- [WORK TO BE COMPLETED]
For this exercise, write out only the lines of the entries below from the one with "Gabrielle leather mini bag" up to and including the one with "Volkswagen Sharan tdi - 2", exactly as they are. Pictures stay out.

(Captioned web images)
+===+

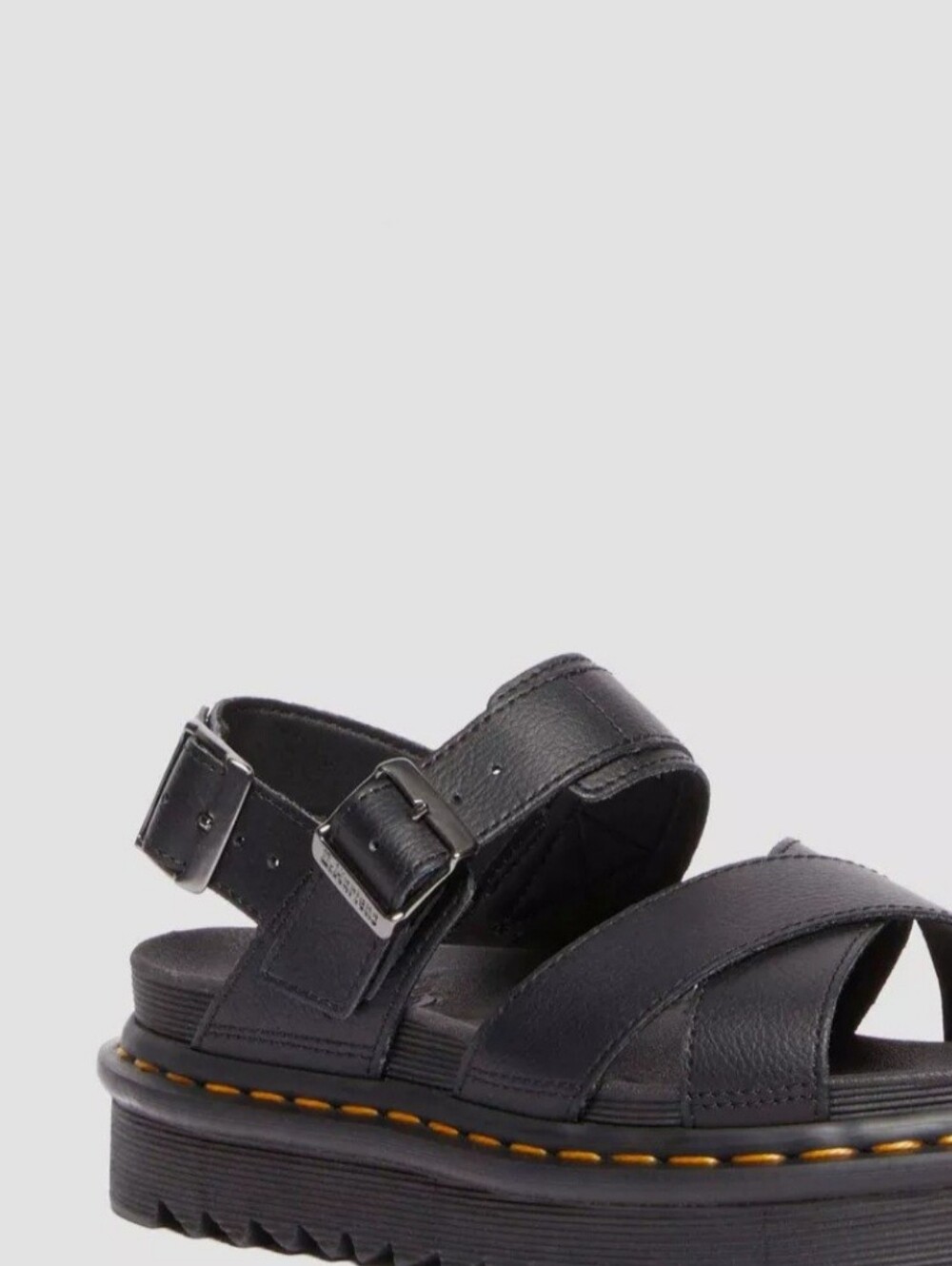 Dr. Martens | Voss II Athena Leather Strap Sandals (6) - Picture 5 of 13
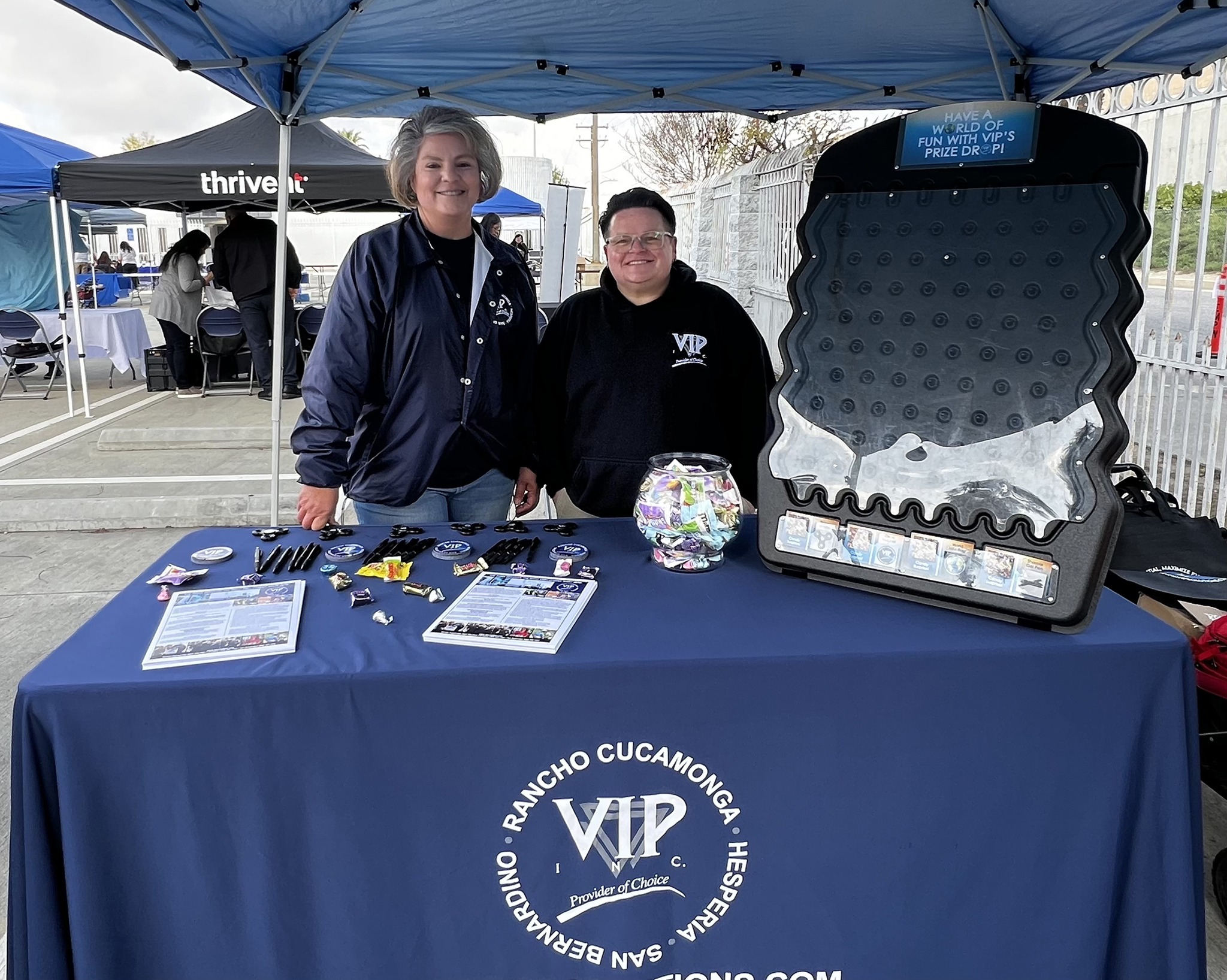 VIP, Inc. | Rancho Cucamonga CA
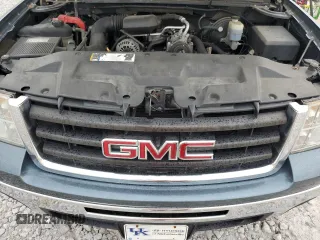 2009 GMC Sierra 1500 Work Truck z VIN 1GTEC19X29Z252103, wystawiony jako Copart lot #55013535 z przebiegiem 82 186 mil mil oraz Szkoda całkowita • Salvage title. Historia ofert i sprzedaży dostępna na DreamBid. Obrazek 11.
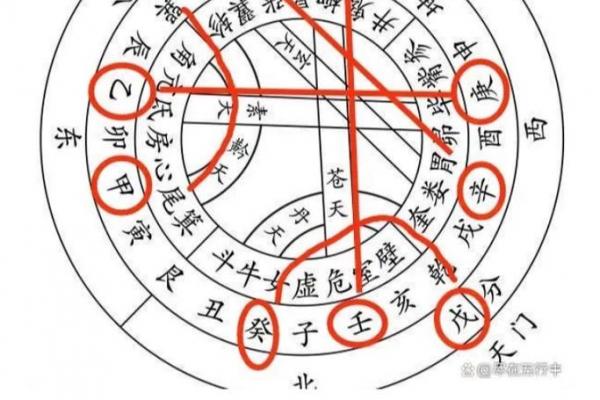 天干五合实战教程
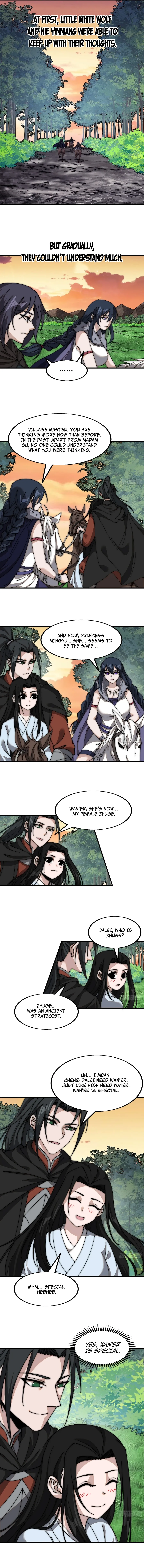 It Starts With A Mountain — Chapter 587 — page 4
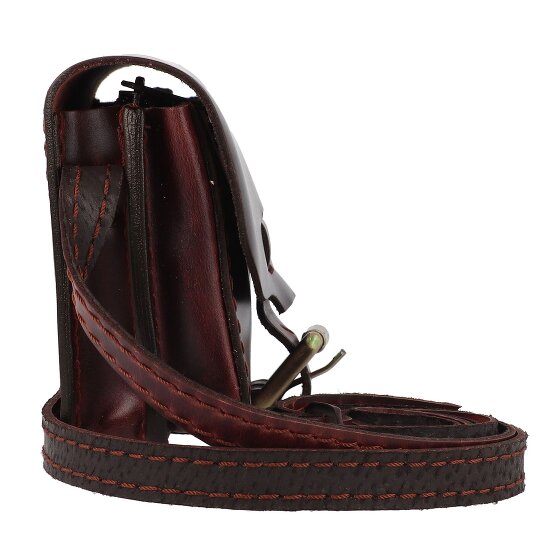 Mika Torba na ramię skórzana 15 cm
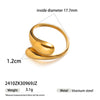Wholesale Light Luxury Niche Ins Style Minimalist Women's Stainless Steel And Titanium Steel Jewelry Set Goldplated Electroplated Sweater Chain Necklace And Accessories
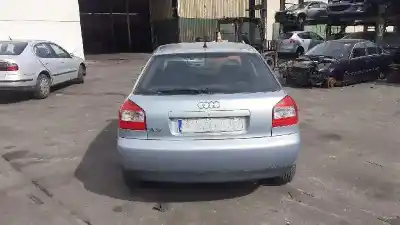 Утилизация автомобиля audi                                               a3 (8l)                                                                                                                                                                                                                                                    1.6 ambiente года 2002 питание bfq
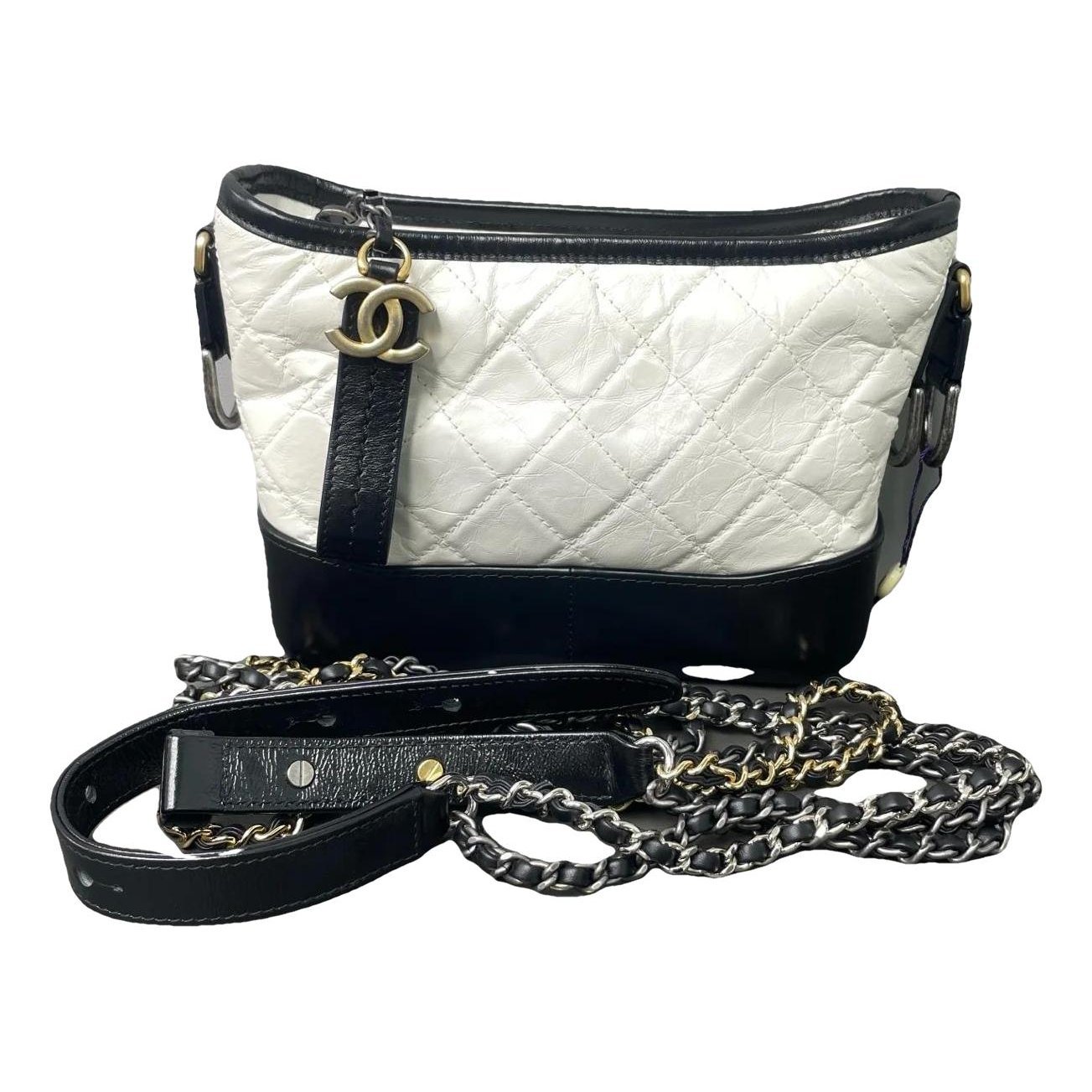 Gabrielle leather mini bag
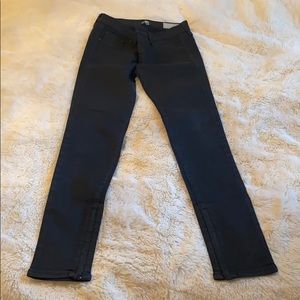 Rag & Bone Black Jeans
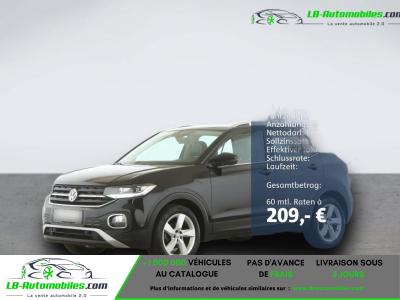 Volkswagen T-Cross 1.0 TSI 115 Start/Stop BVM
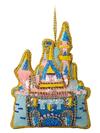 Sleeping Beauty Castle Beaded Ornament – Disneyland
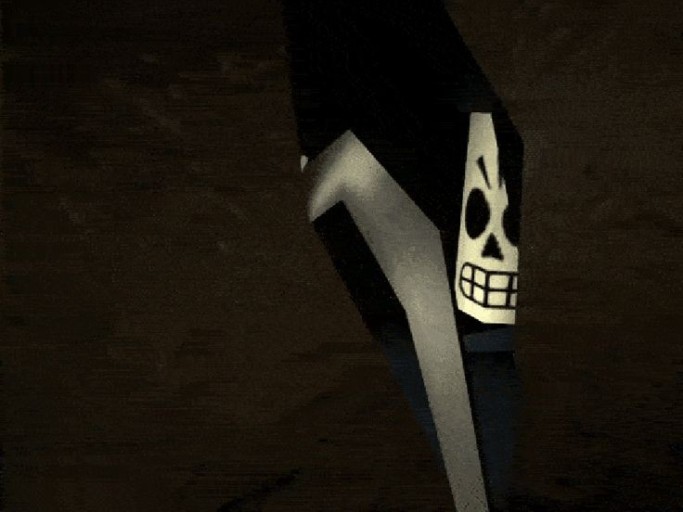 Grim Fandango wallpaper 0032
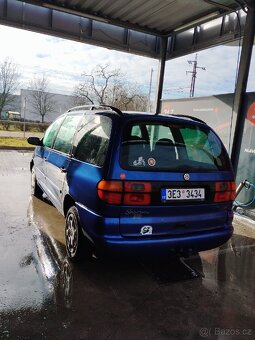 Volkswagen Sharan tdi - 2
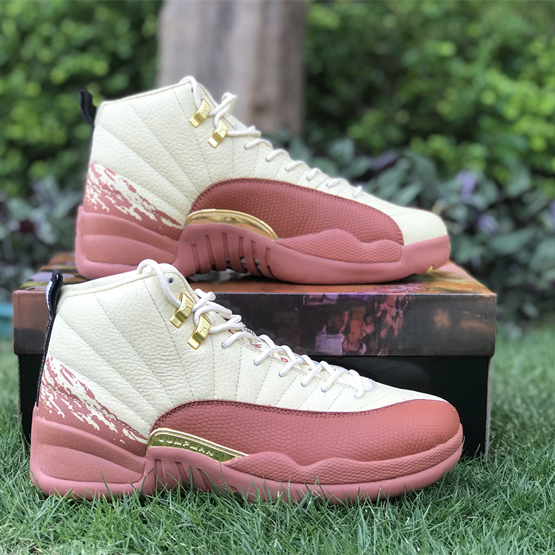 Eastside Golf x Air Jordan 12 Sneaker   DV1758-108 - FashionPlug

+===+

- [ANSWER FOR THE TASK]
 Gabrielle leather mini bag
 Rag & Bone Black Jeans
 Volkswagen T-Cross 1.0 TSI 115 Start/Stop BVM
 Sleeping Beauty Castle Beaded Ornament – Disneyland
 Grim Fandango wallpaper 0032
 Volkswagen Sharan tdi - 2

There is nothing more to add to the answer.